Bugün dönüp yaşadığım hayata bakınca iyi ki delirmemişim, psikopat olmamışım, kendime zarar vermemişim diyebiliyorum. Ama işte hepsi biraz o kadar. İnsan nereye giderse gitsin derdini yanında götürüyor. Gittiği yer ister bir ülke olsun, ister bir insan. Çok insanın gönlünü kırdım hayatım boyunca. Kiminin farkında değildim, kiminin farkındaydım. Var olmuş olma sorumluluğumu üstümden atmıyorum. Kötü bir hayatım oldu benim, o kötülükten hiç haberiniz olmadığı halde payınıza düşenler için çok üzgünüm. Hem benim başıma gelenler hem de benim yüzümden sizin başınıza gelenler için. Gerçekten çok üzgünüm*.

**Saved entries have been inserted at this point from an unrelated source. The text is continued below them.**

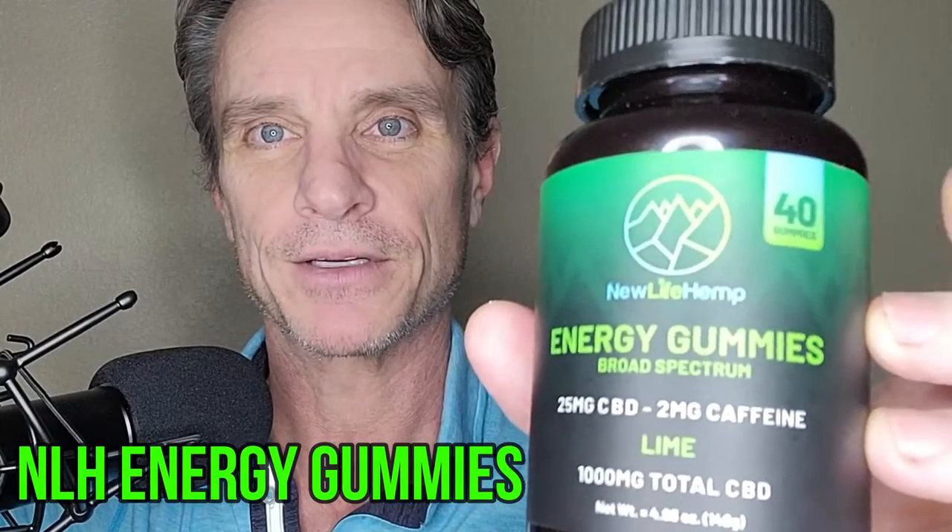The second product is our energy gummies — similar to the PM gummies, 40 gummies per container. They're combined with 25 milligrams of our CBD coinciding with organic caffeine. Caffeine and CBD have a tendency of working really well together. Taking the energy gummies in the morning to replace your morning coffee or a pre-workout gives you energy while at the same time keeping you feeling relaxed.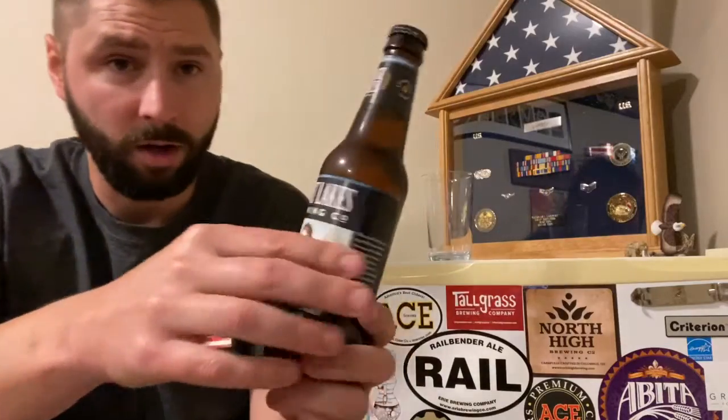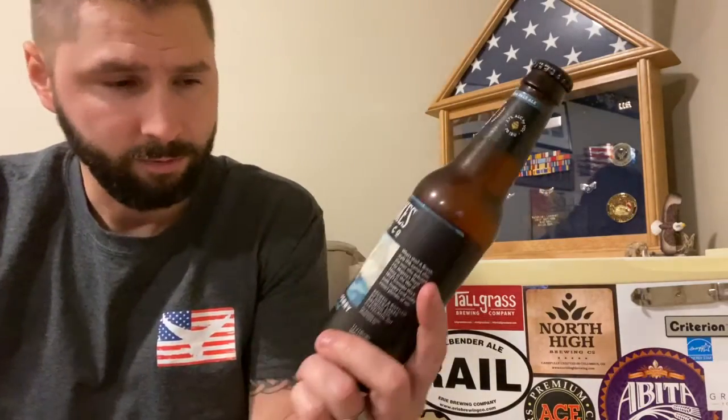Today we're going to be doing a review or a vlog on a new beer for me. It's not new, actually — this has been the first time I got it this year. Great Lakes Brewing Company Commodore Perry India Pale Ale from Great Lakes.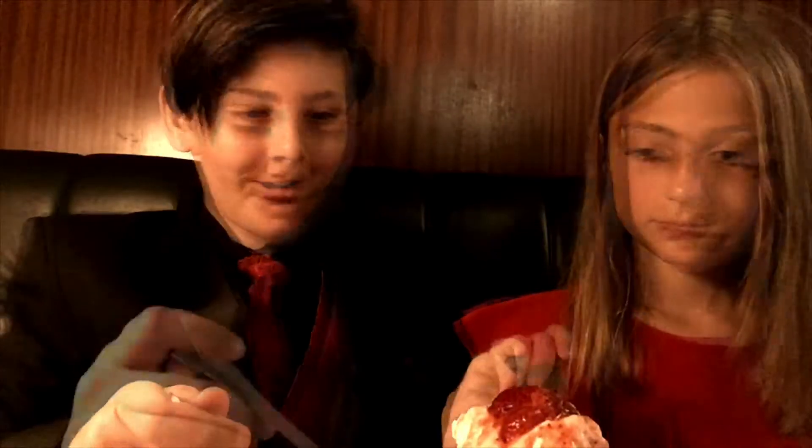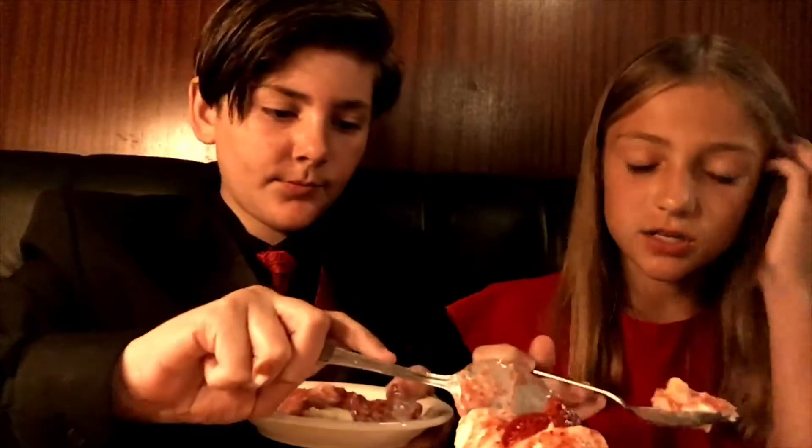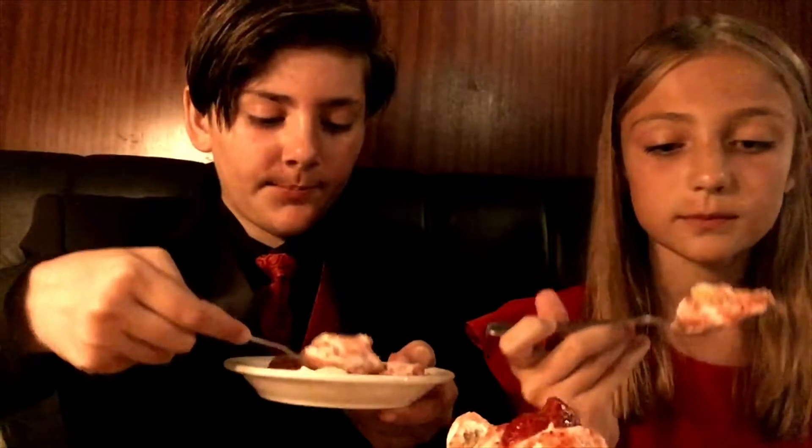For dessert, we were planning on getting the cheesecake with wild berries, but change of plans — we got the strawberry shortcake. This looks amazing, it looks like artwork. It has biscuit, sauce, and ice cream. It's so good. The sauce is amazing, the ice cream is amazing, the strawberries are so good, and the biscuit is amazing. You can't go wrong with this. So basically, the burger is a no-brainer, the crab cake you must have, and this is a must-have dessert.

Anlatacak çok şey var. Öfkelenecek çok şey var. Ben kendi muhasebemi yaptım başıma gelenlerle. Kimseyi affetmedim ama kimseye kızgın da değilim artık. 5 yıldan fazla süren terapiden sonra, biraz da olsa normal bir insan gibi hissedebiliyorum. 15 yıl boyunca niye insanların hayaline bile sığamayacak kadar dayak yedim, psikolojik şiddet gördüm? Ve bu neredeyse her gün böyle oldu, nasıl olabildi? Her şey nasıl unutuldu, normalleşti yıllar içinde? Hiç hatırlanmış mıydı ki? Geriye kalan herkesin tanıklığı, muhasebesi, düzgünlüğü, inancı, ailesi, allahı kendine. Öyle olmamak, öyle yaşamamak için elimden geleni yaptım bugüne kadar, hayatımın geri kalanında da öyle yapmaya çalışacağım. Var olmaktan, insan olmaktan benim payıma düşenler bunlarmış.
* Onca zaman geçtikten sonra hiç kimseninin hayatına paldır küldür dalıp özür dilemeyi doğru bulmuyorum. Yazıp özel hayatlarını afişe etmek de istemiyorum. Gönlünü kırdıklarımdansanız ve hiç özür dilemediğim için bana kızgınsanız, kırgınsanız söyleyeyin, seve seve açıkça özür dilerim.